En el camino hacia el corazón de la soledad, por Berducedo

Cuando lo más duro ha pasado, el paisaje desolado del puerto del Palo se convierte en un sueño de vana conquista. Entonces nos queda la fatiga legítima de cruzar la cresta para comprender el sentimiento de gran plenitud que nos pone en contacto con la realidad. A pleno sol, después de dos horas de una subida agotadora, un viento de locura da la bienvenida a los conquistadores de unas cumbres que han estado ahí a través del tiempo. Sacudidos en nuestras certezas, bajo el azul del cielo, en medio del caos de rocas blancas, echamos un último vistazo para medir el peso del esfuerzo ante la majestuosidad del panorama. La belleza pura de la visión habla por sí misma y afirma su verdad: no hay ninguna presencia humana por los alrededores. Todo se acerca hacia una cierta desolación, donde la estética de la soledad se hace eco de un cierto ascetismo del peregrino.
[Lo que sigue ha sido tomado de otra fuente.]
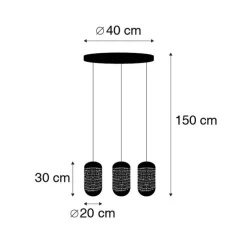 Vintage hanglamp zwart met messing rond 3-lichts - Kayleigh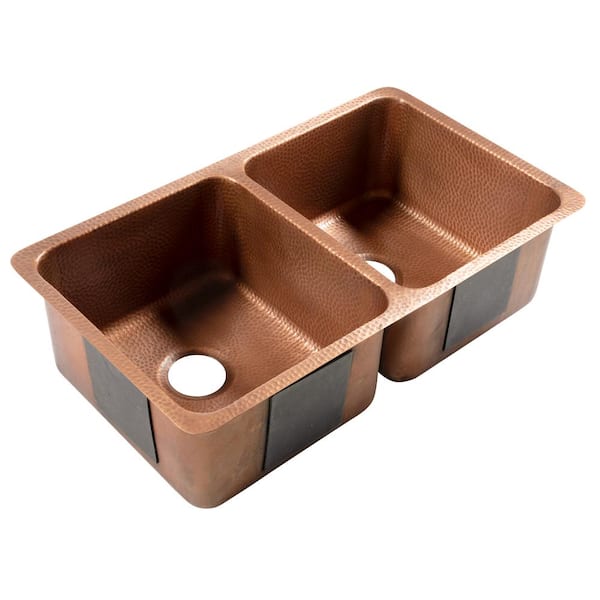 Rivera 32 in. Undermount Double Bowl 16 Gauge Antique Copper Kitchen Sink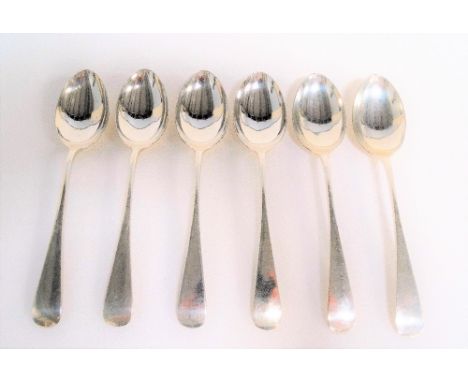 George VI set of six silver Old English pattern tablespoons, maker R&amp;B, Sheffield 1943, weight 9.35oz approx.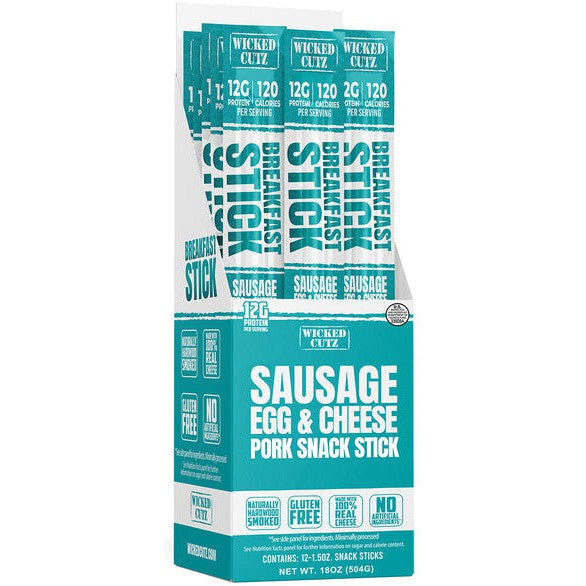 Wicked Cutz Sausage Egg & Cheese Pork Snack Stick-Box (12 sticks)-N101 Nutrition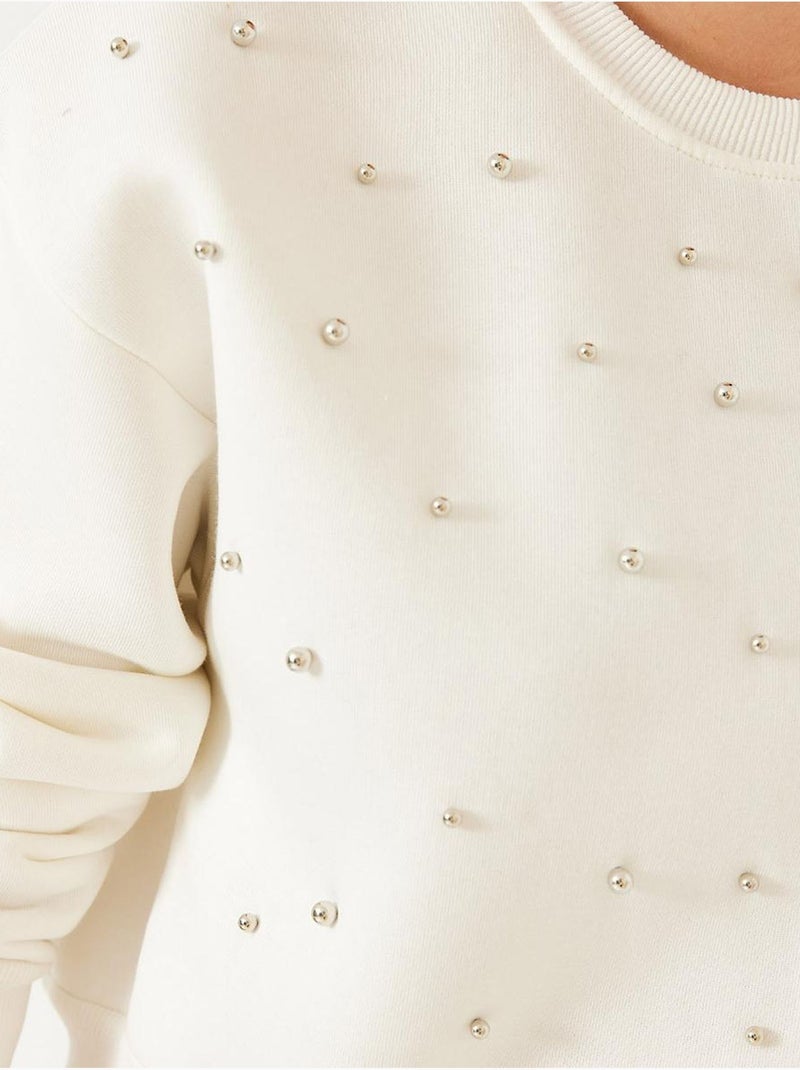 Sweat-shirt ras du cou lucci en tissu brossé triple fil orné de perles Crème - Kiabi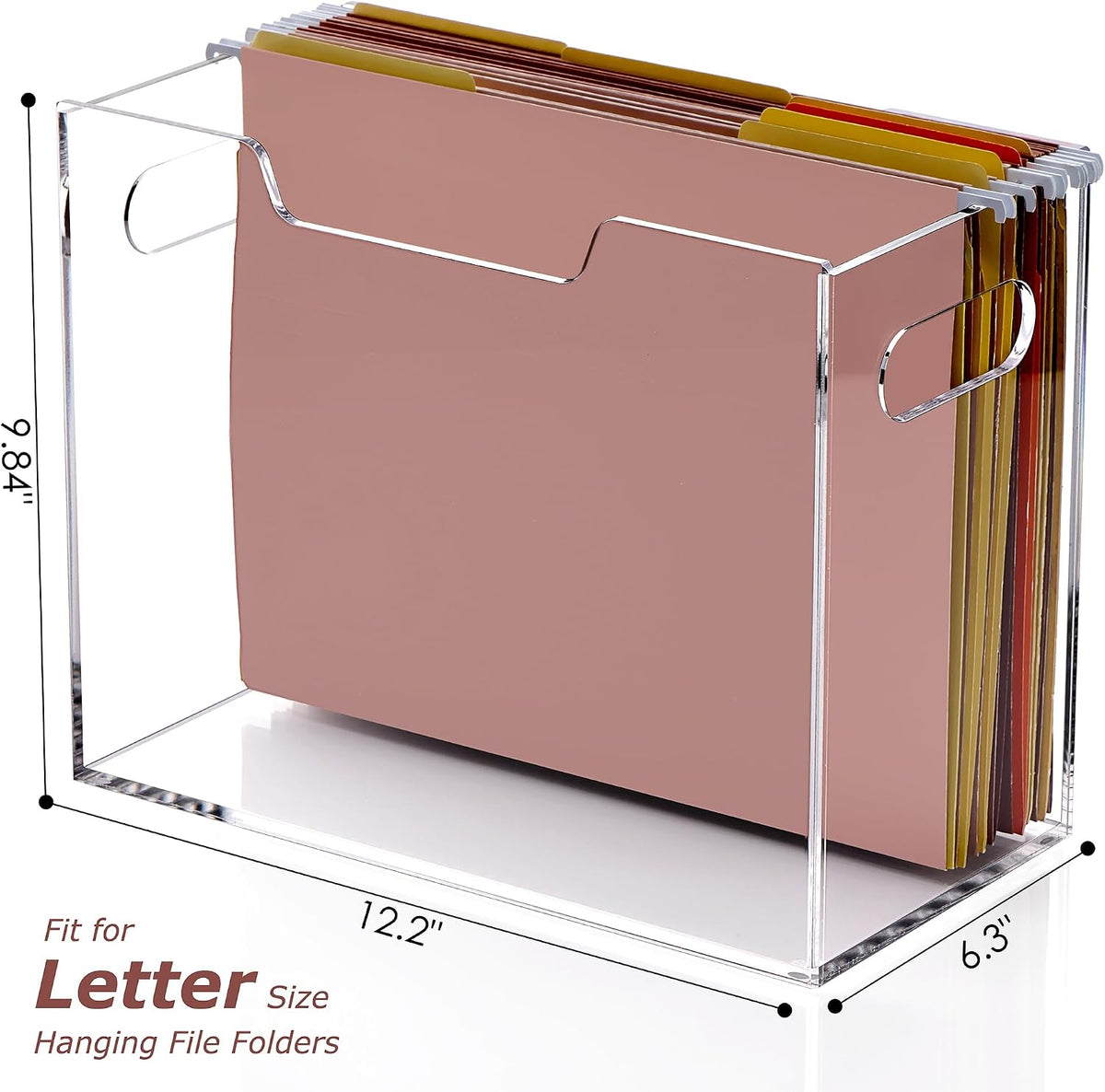 DINGHUO Hanging File Organizer, Acrylic File Holder with Handles, No Assembly...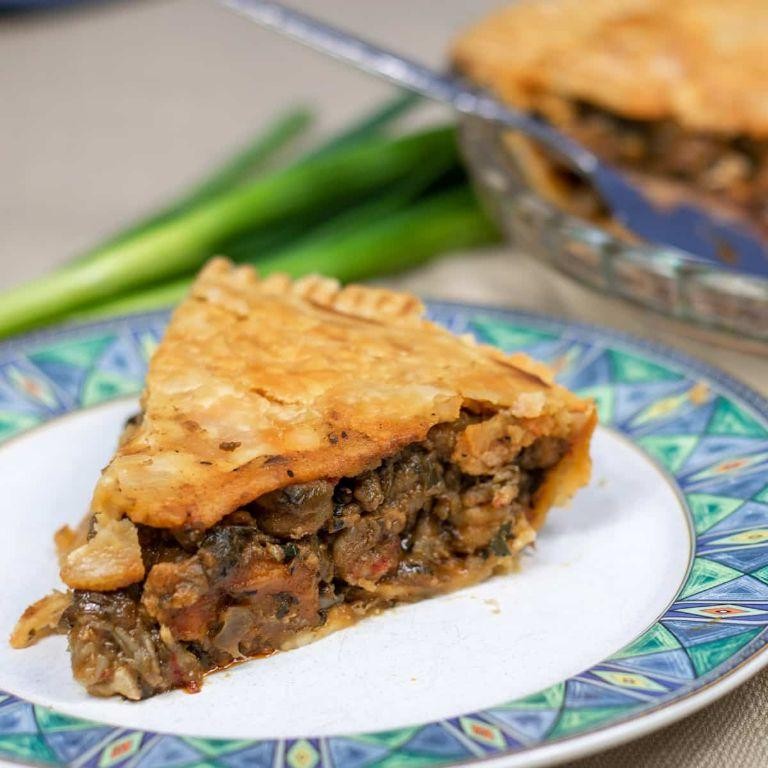 Crawfish Pie with Crawfish Tails in Rich Gravy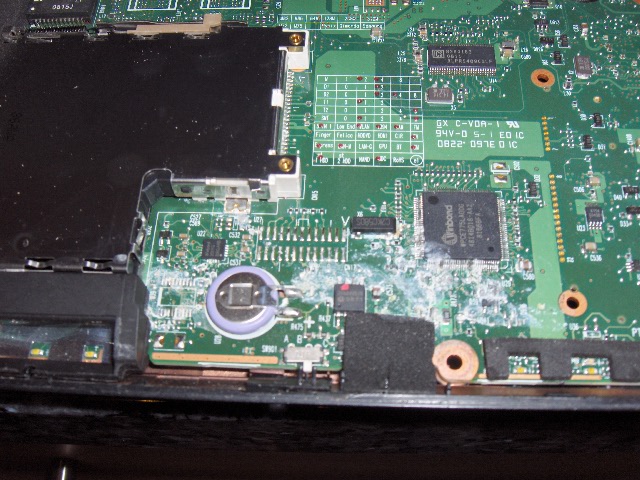 Water/Liquid Damaged Laptop Mainboard Before Repair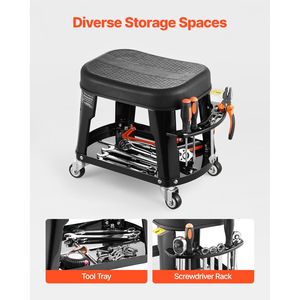 Sgabello da Meccanico con Capacità di 136 Kg, Vassoio Portautensili, Rotazione a 360 Gradi, Sedile con Ruote per Officina, Garage e Riparazione Auto - Product Image 4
El valle hundido de Grandas de Salime

Durante el lento ascenso hacia Grandas de Salime, con el foco en los otros compañeros, cada uno experimenta un largo momento de soledad sobre la ruta incandescente, con la espalda arqueada bajo la tensión del esfuerzo. Creo que algunos de mis acompañantes jamás en toda su vida han pasado tantas horas en soledad. Probablemente nunca sintieron la paradoja de la felicidad de su propia compañía asociada al castigo y al bienestar de caminar. La secuencia de las etapas demuestra nuestra propia fuerza física y mental. Nuestras debilidades y nuestra insignificancia frente a la importancia de la vida y sus envites. Después de dos horas de subida ininterrumpida y gracias a una voluntad de hierro, por fin llegamos, con la espalda rota, a los espacios libres de la meseta cubierta de hierba donde se extiende Grandas de Salime.